Pour bien comprendre les débuts de notre Système solaire et la formation des planètes rocheuses en général, de nombreux indices sont issus des explorations de ces dernières décennies. Celles-ci se sont faites autour de la Terre, de Mercure, de Vénus, de Mars, mais aussi autour des astéroïdes et des planètes mineures.
La mission Dawn, qui a visité la protoplanète Vesta avant d'aller en orbite de Ceres il y a moins de dix ans, a apporté beaucoup de réponses…
Pourquoi Psyche ?
Les équipes scientifiques manquent encore de données, et l'astéroïde 16 Psyche est l'un des plus intéressants pour mieux comprendre la formation de planètes rocheuses. C'est l'un des plus grands (278 x 232 x 164 kilomètres environ), des plus lourds, et tout porte à croire que sa composition est très riche en métal.
S'agit-il d'un ancien cœur ou d'un morceau du cœur métallique d'une planète aujourd'hui disparue ? De quoi est-il composé exactement ? Était-il un jour du métal en fusion, a-t-il subi des impacts ? Quelle est son influence magnétique, et comment a-t-il évolué ces derniers milliards d'années ? Au-delà de quelques articles sensationnalistes sur sa prétendue valeur (aussi inutiles que contre-productifs et mal sourcés), on ne connaît grosso modo que sa forme et sa couleur qui tire sur le rouge. Mais tout cela va changer grâce à la mission Psyche.
Vers Psyche en sonde électrique
La NASA s'est en effet décidée en 2017 pour deux missions explorant des astéroïdes particuliers. La mission Lucy est déjà partie l'an dernier pour aller visiter les astéroïdes troyens et grecs de Jupiter, tandis que Psyche va partir pour visiter ce potentiel ancien « cœur de planète ». La sonde pèse 2,6 tonnes au décollage, et pour l'œil non averti, elle ressemble à un satellite classique. Néanmoins, il ne faut pas s'y tromper.

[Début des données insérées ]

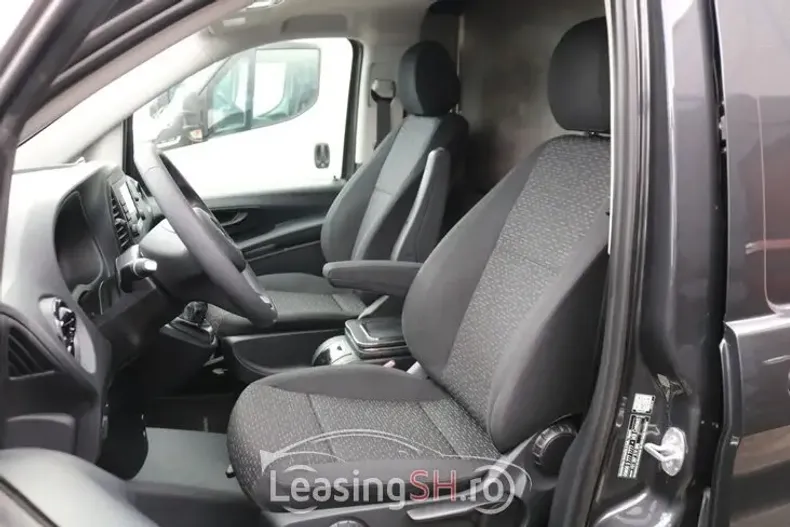 Mercedes-Benz Vito din 2023 cu 7.038 km - oferta MER96778 - foto 9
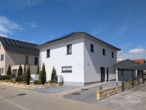 Hausansicht Straße - Hochwertig, energieeffizient, familienfreundlich: Ihr neues, modernes Zuhause in der Bitz!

D'abord, elle dispose d'une très grande surface de panneaux solaires, pour deux raisons. La première, c'est qu'il lui faudra opérer sur une orbite distante du Soleil, entre Mars et Jupiter, durant plusieurs années. Ensuite, il faut considérer sa propulsion. Psyche utilisera quatre moteurs électriques-ioniques (à effet Hall), à faible poussée, mais très efficaces, pour se propulser jusqu'à l'astéroïde qu'elle va étudier ensuite durant deux ans.
Sans cela, il lui aurait fallu une taille et une masse bien plus imposante (probablement autour de 5 à 6 tonnes) pour emporter le carburant nécessaire ! Reste que la sonde Psyche embarque 922 kilos de Xenon, quasiment un record.
C'est pour la science !
Côté instruments scientifiques, ce n'est pas une mission incroyablement bien dotée, mais les équipes du JPL (Jet Propulsion Laboratory, en Californie) ont utilisé des matériels éprouvés et très bien documentés. Côté image, on retrouve donc, en plus des caméras de navigation, un capteur optique multispectral qui sera capable d'étudier les matériaux à la surface.
Pour étudier les propriétés métalliques et le champ magnétique, un magnétomètre est également de la partie, et pour la composition, un spectromètre gamma et neutron. Comme pour une majorité des autres missions planétaires, les communications en bande X avec la sonde serviront également à cartographier (avec de minuscules changements) le champ magnétique de Psyche et sa structure interne.
Enfin, ce n'est pas une expérience consacrée à l'étude des astéroïdes, mais la sonde Psyche possède un équipement pour l'instant rarissime de communication infrarouge laser avec la Terre. Il s'agit surtout d'une démonstration technologique, qui devrait durer seulement 2 ans après le décollage, mais la NASA compte dessus pour équiper ses futures missions. Les débits, notamment pour le transfert de grandes quantités de données (images, relevés, etc.) vers la Terre sont censés décupler les capacités limitées du DSN (Deep Space Network), le réseau des grandes antennes de l'agence américaine.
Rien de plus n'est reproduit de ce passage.